そこで、「健康で文化的な最低限度の生活」を現代風に再定義すると、住まいは小さくシンプルで良い。モノもたくさんは要らない。むしろ少なくて済むならそれに越したことはないって感じ。
それを維持するために「働き/稼ぐ」ワークライフバランスを、ザックリと提案すると、「一日6時間労働、週休3日、有給1ヶ月」で働いて、「月給30万円、業績や功労に応じてボーナスは年100万円くらい出る」ってあたりが落としどころじゃないでしょうか。
これなら、仕事にも集中できますし、ダラダラした会議を早々に切り上げる動機付けにもなります。
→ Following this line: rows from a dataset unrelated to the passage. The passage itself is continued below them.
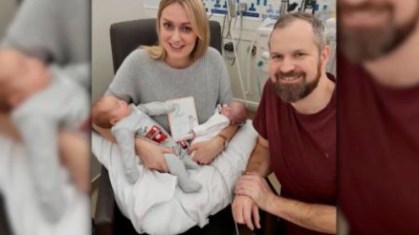 Britânica deu à luz gêmeos concebidos com três semanas de diferença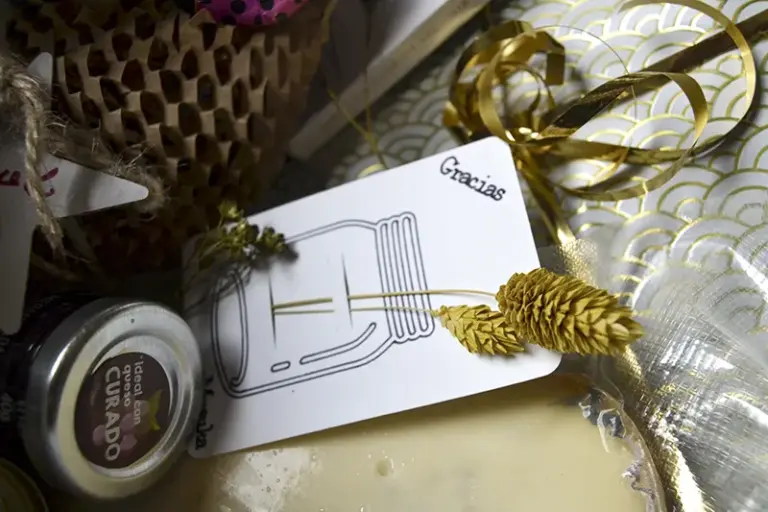 Presentación cuidada de productos gourmet y delicatessen dentro de una caja decorativa para regalo de cumpleaños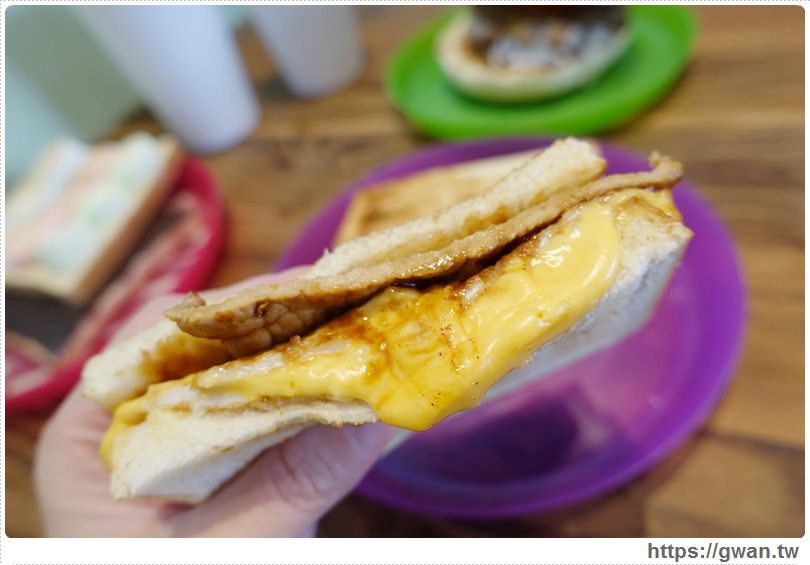 多士號,台中美食,台中逢甲,逢甲必吃,爆漿起司,起司,台中碳烤吐司,碳烤三明治,肉蛋吐司,台中肉蛋吐司,高大鮮奶,台中早餐,早餐店,逢甲文華道,激旨燒鳥-23-109-1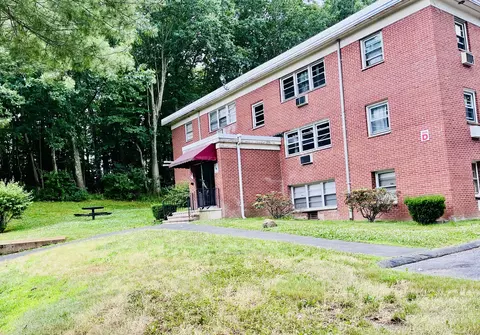 306 Pine Rock Ave #D18, Hamden, CT 06514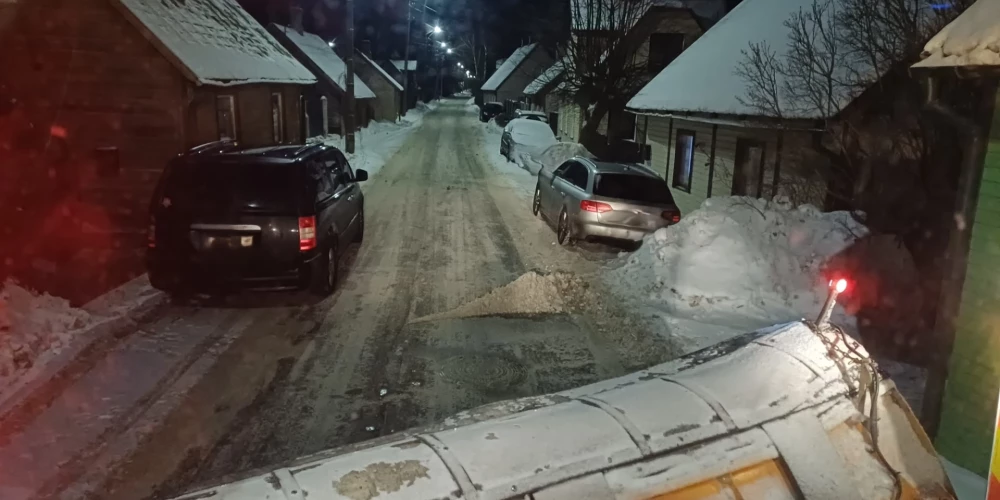 Apsaimniekotājs aicina autovadītājus noprakot pārdomāti.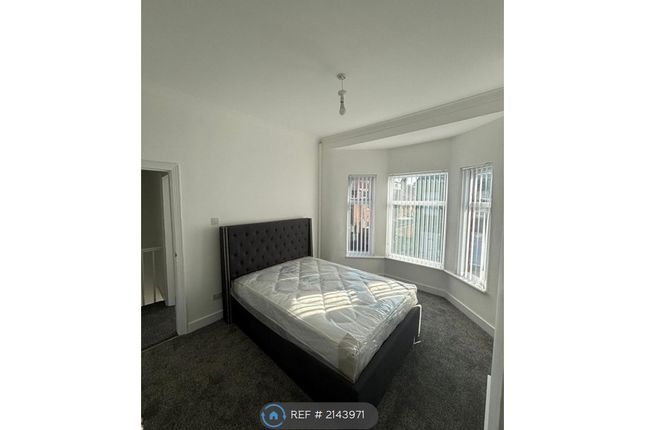 Aintree, Liverpool photo 2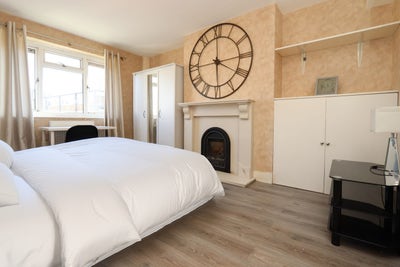 3 Beautiful Rooms 60 Seconds from Central Line! Main Photo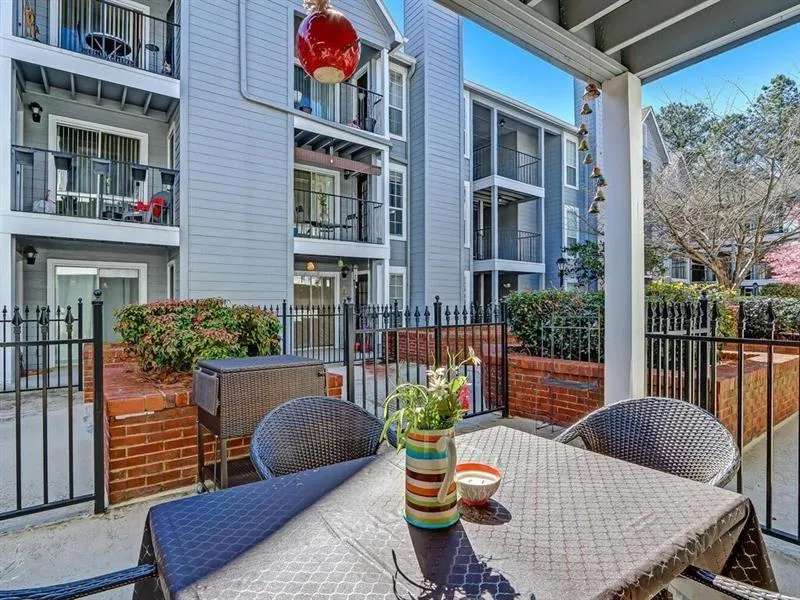 314 Granville Court Unit 314, Atlanta, Georgia 30328, 2 Bedrooms Bedrooms, ,2 BathroomsBathrooms,Residential,Sold,314 Granville Court Unit 314,6850793
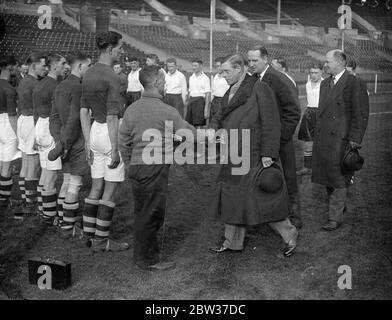 Prince of Wales vede la finale di calcio disoccupato a Wembley . Il Principe del Galles ha assistito alla finale della competizione di campionato di calcio di Londra tra il Trafalgar club , Greenwich , e il Walthamstow Fellowship Club . Tutti i membri di entrambe le squadre sono uomini disoccupati . La partita si è svolta allo stadio di Wembley . Spettacoli fotografici , il Principe del Galles stringe le mani con il team Trafalgar Club . 21 marzo 1934 Foto Stock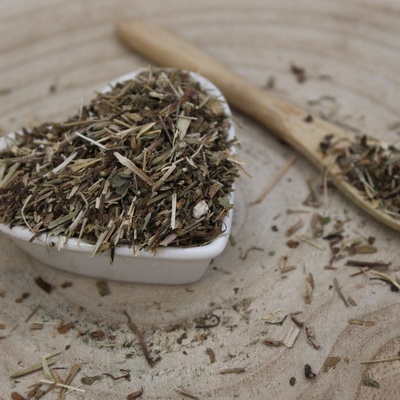 Emerosa Zádušník brečtanovitý vňať narezaná 250 g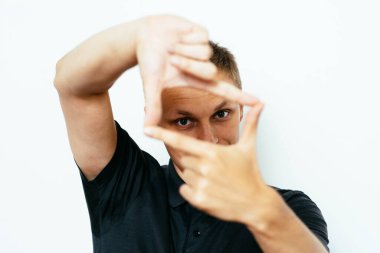 Stüdyoda poz veren adam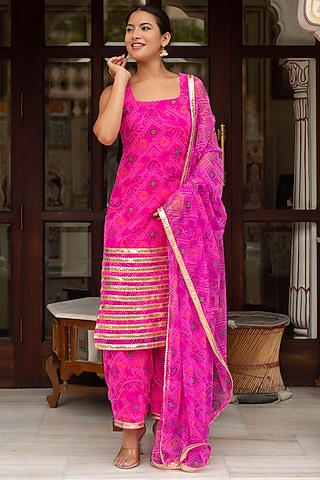 Pink Georgette Bandhej Kurta Set by Pomcha Jaipur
また、プライベートも充実させて趣味に時間を割いたり、友人と過ごしたり、また、恋愛や子育ても可能(この単語を使わなきゃならないくらい、今は不可能な時代ですから)ですよね。
経済成長が模索されてますけど、モノがあふれかえっている現在において新商品の開発に血道を上げるより、時短の方が実は近道じゃないでしょうか?
そのためには「創造的ワークシェア」とでも言うような社会的革新がいるのですが、その詳細をここで述べるには長くなる上に本筋を外れますので前出の拙著をお読み下さいとさりげなく宣伝(笑)。

 

ミニマルライフとは「足るを知る」豊かさの模索

YADOKARI的な話題に戻すと、このくらいの時間とお金があれば、家具を作ったり、気分に応じてペイントし直したり、あるいは腕に自信のある人はセルフビルドで家を作ったりできますよね。実際、このサイトでも自分で建てるのを前提とした物件が紹介されています。世界中で小さな家の様々な形が模索されているのは、「足るを知る」豊かさの模索じゃんじゃないでしょうか。
私見ですけど、YADOKARIのサイトでやりとりされていることって、ドロップアウトや隠居住まいのような道楽ごとではなく、忙しさから世界を救う最先端なんだと思ってます。